Of the lines in the material below, print only those from the one containing "GOWN, SURG N/WOVEN" to the one containing "BOX OF APPROX", ends included, exactly as written and without pictures.

** Opening Data for this task block **

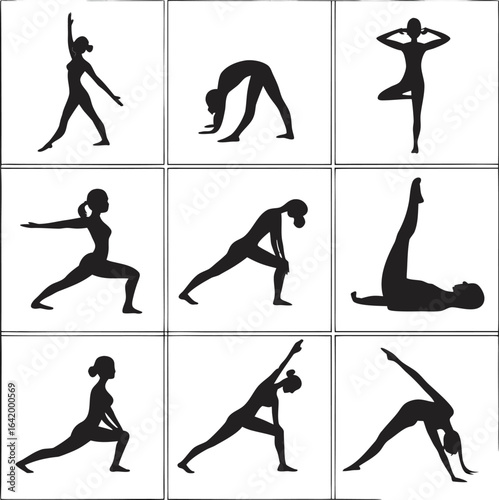 yoga exercise silhouette collection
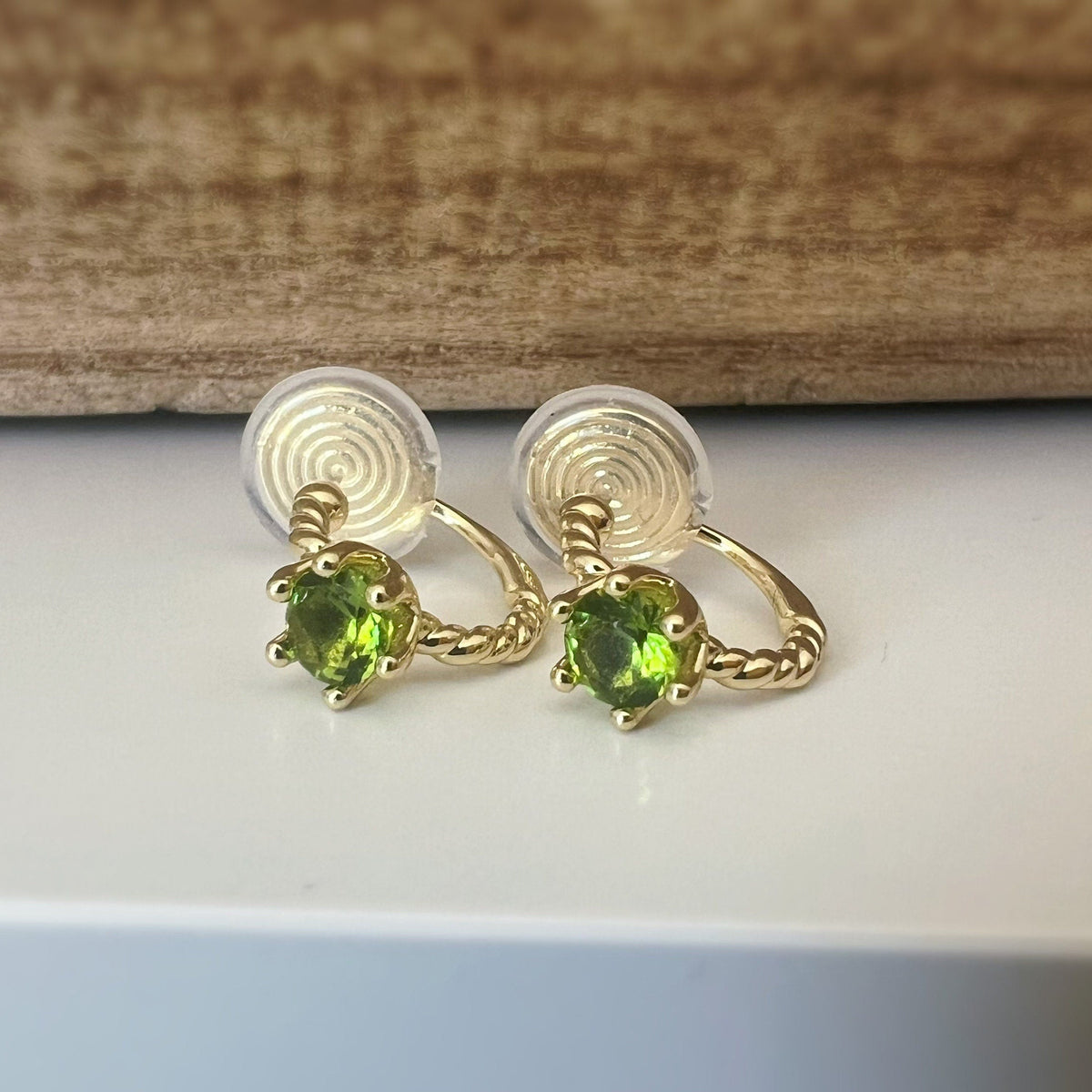 SANS DOULEUR ! Boucles d'oreilles CLIPS U spirale Cercle torsadé Pierre Zircon Rond Vert citron. Plaqué d'Or. Clips d'oreilles confortable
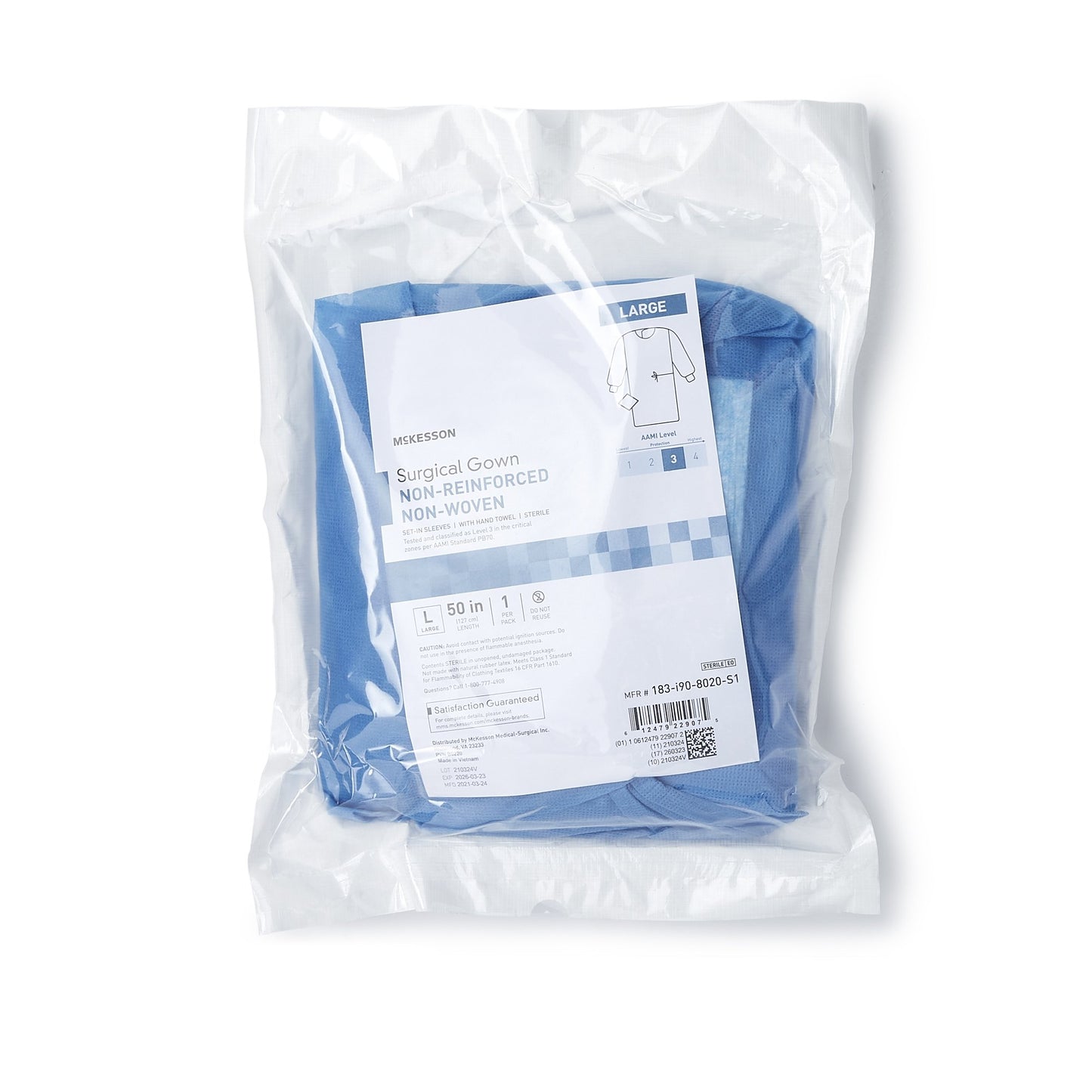 GOWN, SURG N/WOVEN STR N/REINFSET-IN W/TOWEL LG (30PK/CS)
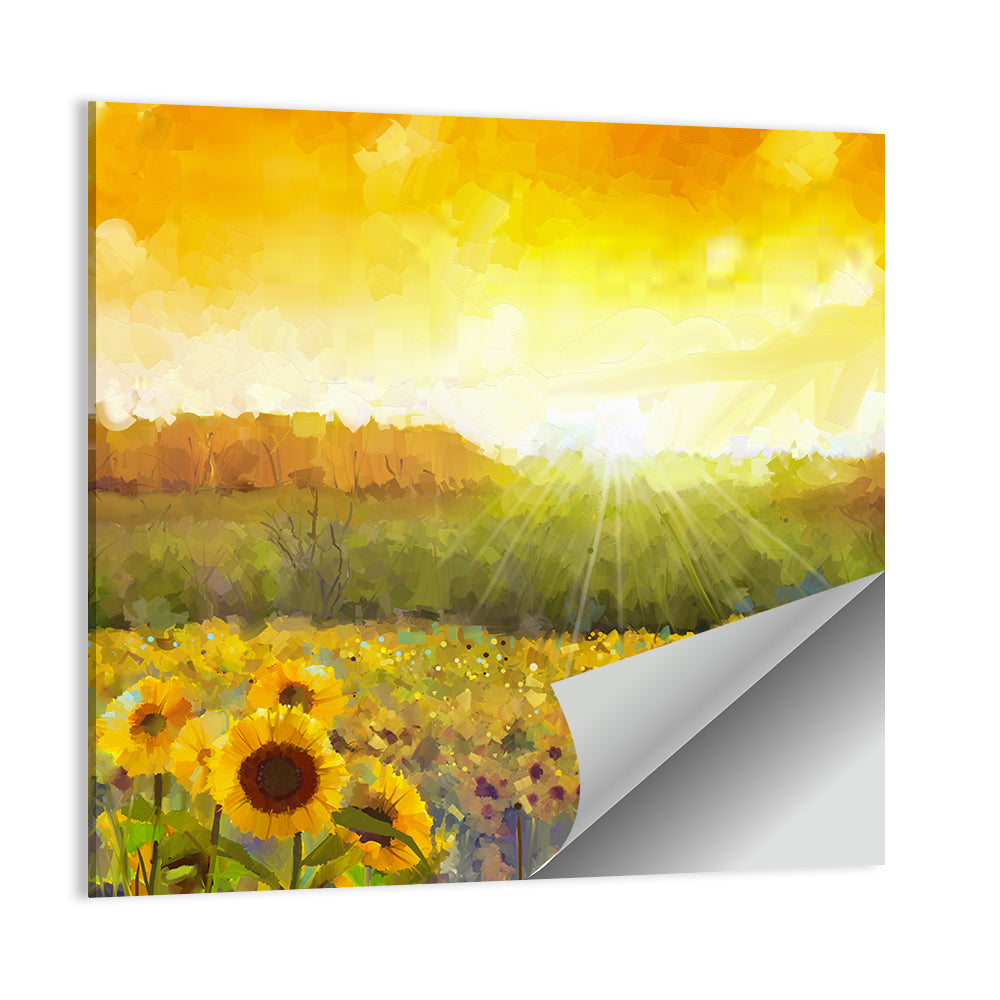 Sunflower Blossom Abstract Wall Art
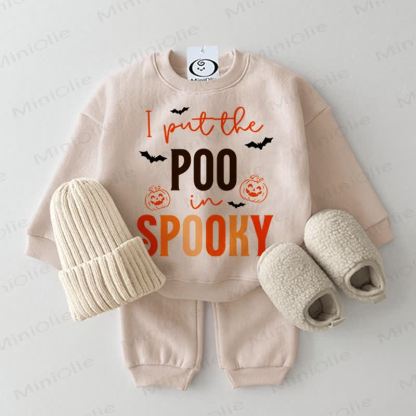 I PUT THE POO IN SPOOKY Baby 2-piece Beige Set - Beige - 2-3T - image 1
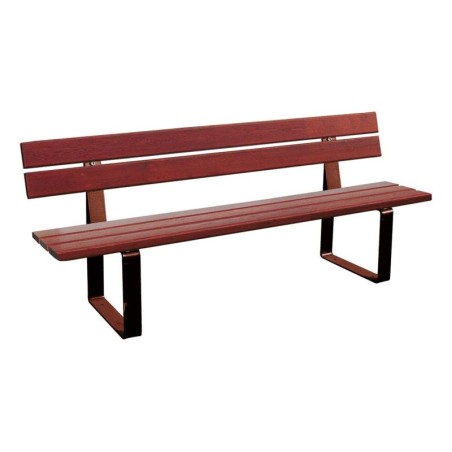 Banc bois et acier Riga Bois lasuré acajou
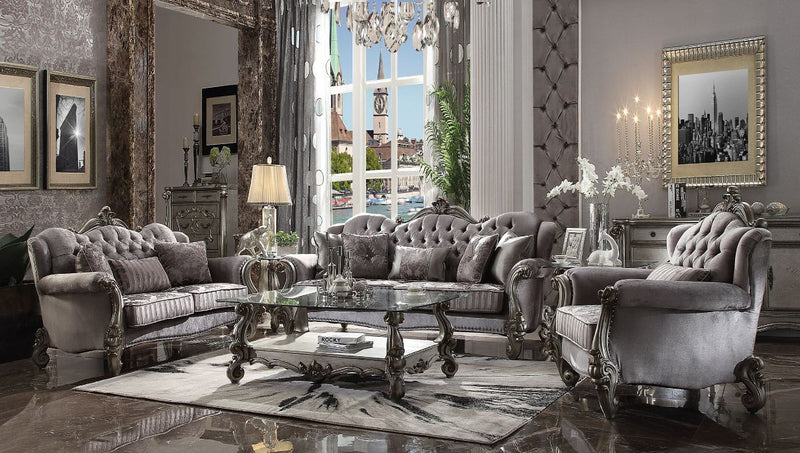 Versailles - 47" Sofa With 5 Pillows - Velvet & Antique Platinum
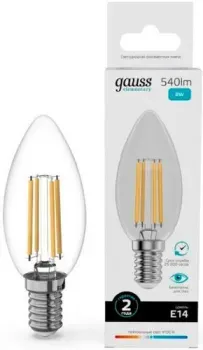 Gauss Filament Elementary Свеча 8W 540lm 4100К Е14 32128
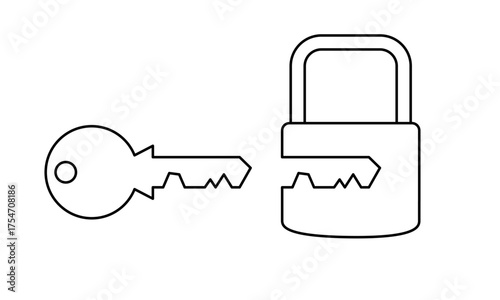 Simple line art illustration of key and padlock. Clipart image isolated on background.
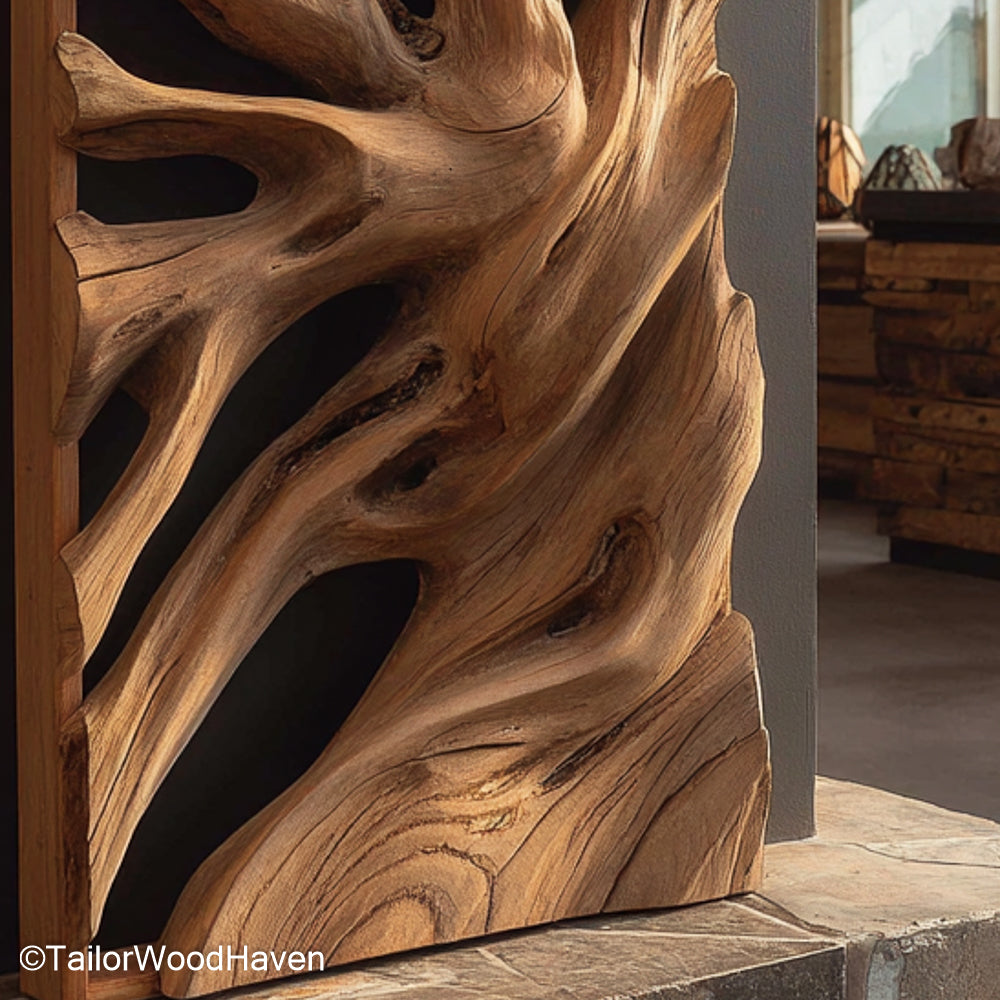 Wood Sculpture Wall Art Intricately Carved Wood Sculpture Wall Art Panel, Handcrafted for Rustic Interiors or Artistic Modern Wall Displays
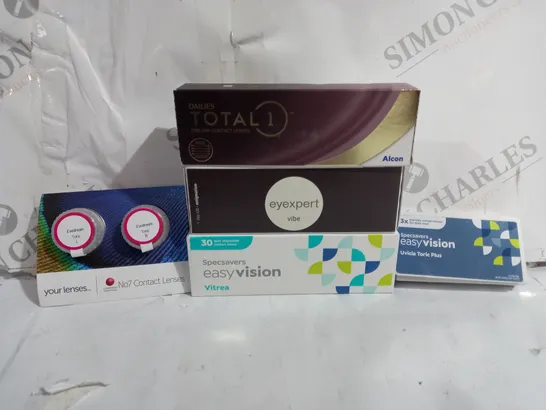 BOX OF APPROX 15 ASSORTED VISION CARE ITEMS TO INCLUDE -  SPECSAVERS EASY VISION CONTACT LENSES -EYE EXPERT VIBE CONTACT LENSES - DAILIES TOTAL 1 CONTACT LENSES ECT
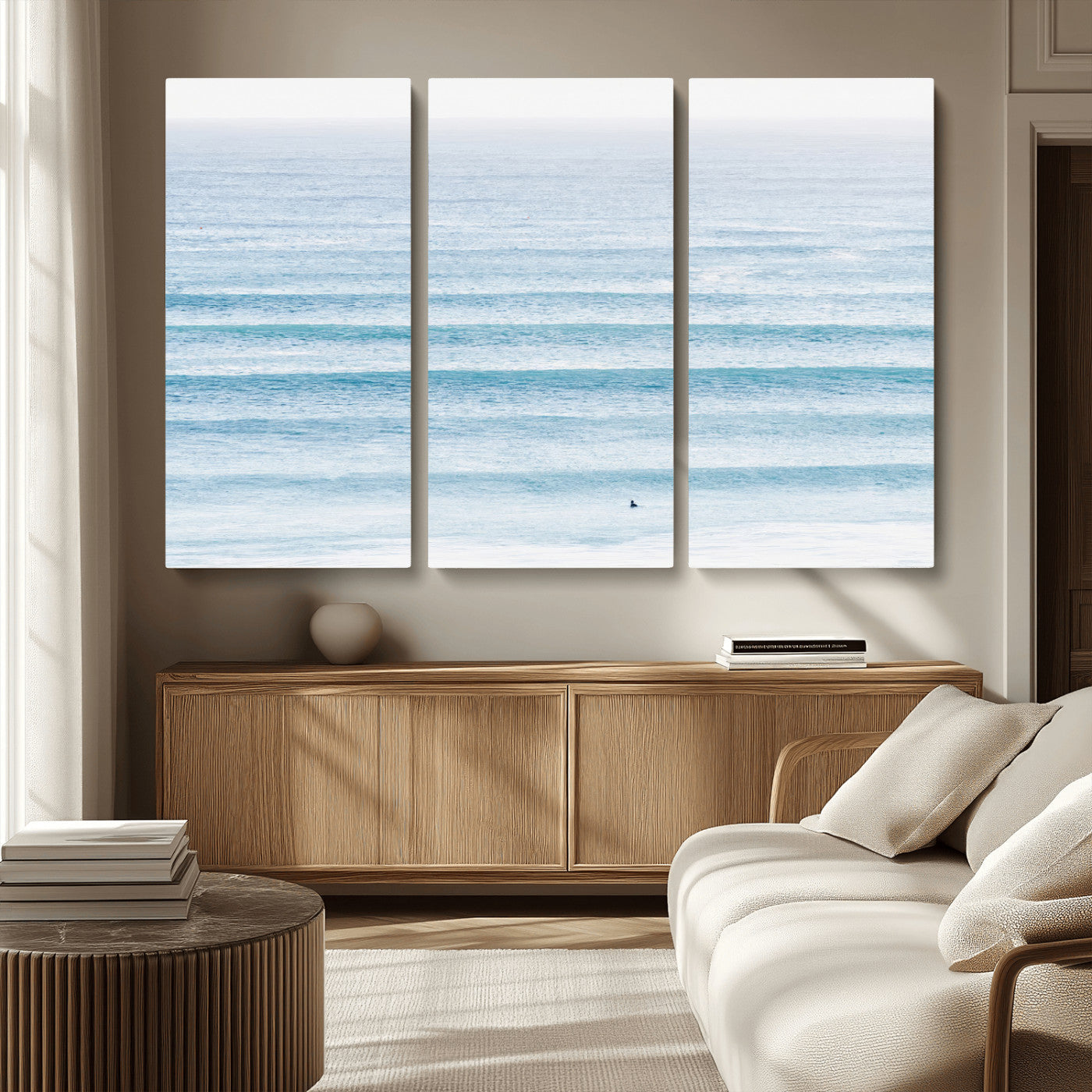 77145995-MGV-CV-36X24-Ocean Wave Surfer Wall Art – Framed Minimal Seascape Canvas Artwork, Calm Blue Water Design, Coastal Decor for Home, Office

** Closing Data for this task block **

*Written solution*
 GOWN, SURG N/WOVEN STR N/REINFSET-IN W/TOWEL LG (30PK/CS)
 Sunflower Blossom Abstract Wall Art
 I PUT THE POO IN SPOOKY Baby 2-piece Beige Set - Beige - 2-3T - image 1
 Banc bois et acier Riga Bois lasuré acajou
 Versailles - 47" Sofa With 5 Pillows - Velvet & Antique Platinum
 Gauss Filament Elementary Свеча 8W 540lm 4100К Е14 32128
 Simple line art illustration of key and padlock. Clipart image isolated on background.
 Wood Sculpture Wall Art Intricately Carved Wood Sculpture Wall Art Panel, Handcrafted for Rustic Interiors or Artistic Modern Wall Displays
 BOX OF APPROX 15 ASSORTED VISION CARE ITEMS TO INCLUDE -  SPECSAVERS EASY VISION CONTACT LENSES -EYE EXPERT VIBE CONTACT LENSES - DAILIES TOTAL 1 CONTACT LENSES ECT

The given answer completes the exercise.